# Help! What opera is this?



## dirtypants (Mar 8, 2009)

I don't know whether to post this in opera or pop, but I've wondered about what the opera that is sampled in this song is for a very long time. Could someone help?

Thanks!

http://degriefer.com/song/Joe_Henry_-_Trampoline_-_(04)_-_Flower_Girl.mp3


----------



## msegers (Oct 17, 2008)

I just came across this - no mention of the singer or the opera...

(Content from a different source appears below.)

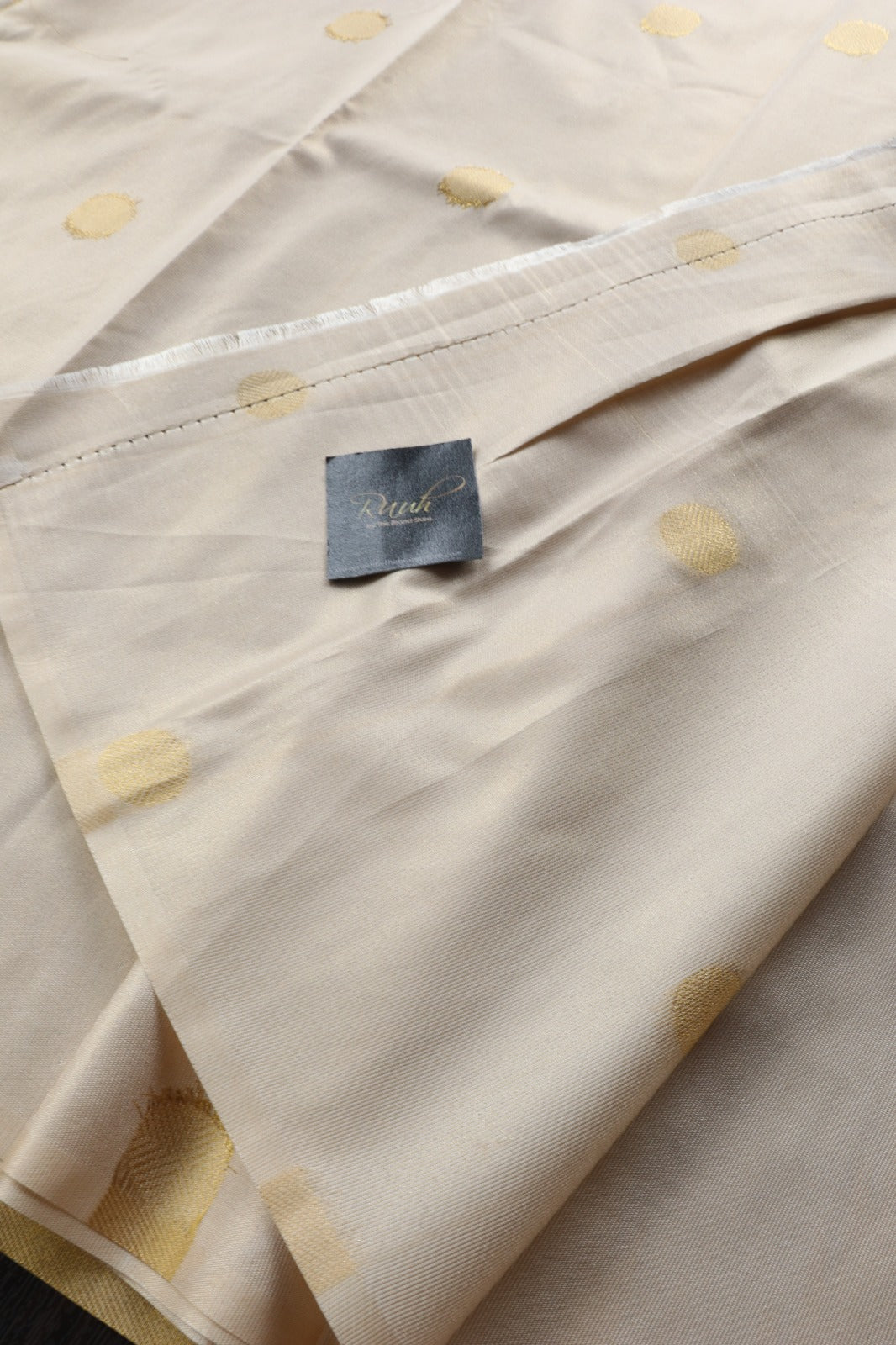 SEMI SILK WITH TEMPLE BORDER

http://www.hearsaymagazine.co.uk/joe_henry

Where did the opera strain in Flower Girl materialise from?
I'd recorded my first version of that song as a country song in New Orleans and was very irritated by it. It didn't work. It was innocuous and went by like a blur. I put down a minimal pump organ thing for it and then forgot about it. I got back to Los Angeles a month later and was in the studio with the engineer. He started with a Vari-Speed drum loop which sounded like an army marching and the pump organ and my vocal only. Everything else went out the window at that moment. I was trying to get to something like a Bunuel movie where things came in and out of view like when you're riding a train or in a car and things come into field and out with no precedent for it. Something blossoms and then fades completely. That evening we started playing with samples, which I can't really refer to because we have no clearance for them, but I'm going to tell you young fellows… we had this old Spanish opera record in the studio and were sampling it in the most primitive way - we dropped the needle and got lucky a few times. It made the song three-dimensional for me. It had its own life from then on. I instinctively knew it was the right thing to do. I'd never played with samples before because I never had the tools to do it. It was like making collages and cutting up a magazine, having these little events that happen. I'm probably as proud of that song as I was with anything on the recording - I was delighted with the tone of it.


----------



## dirtypants (Mar 8, 2009)

Well thanks! Did you really happen to "run into that" or were you searching? Either way, I greatly appreciate it.


----------



## msegers (Oct 17, 2008)

I was searching. I so enjoyed the song (never had heard of the singer before) that my curiosity was piqued, and I was searching for info, when I ran into that. Thanks so much for making me aware of Joe Henry!


----------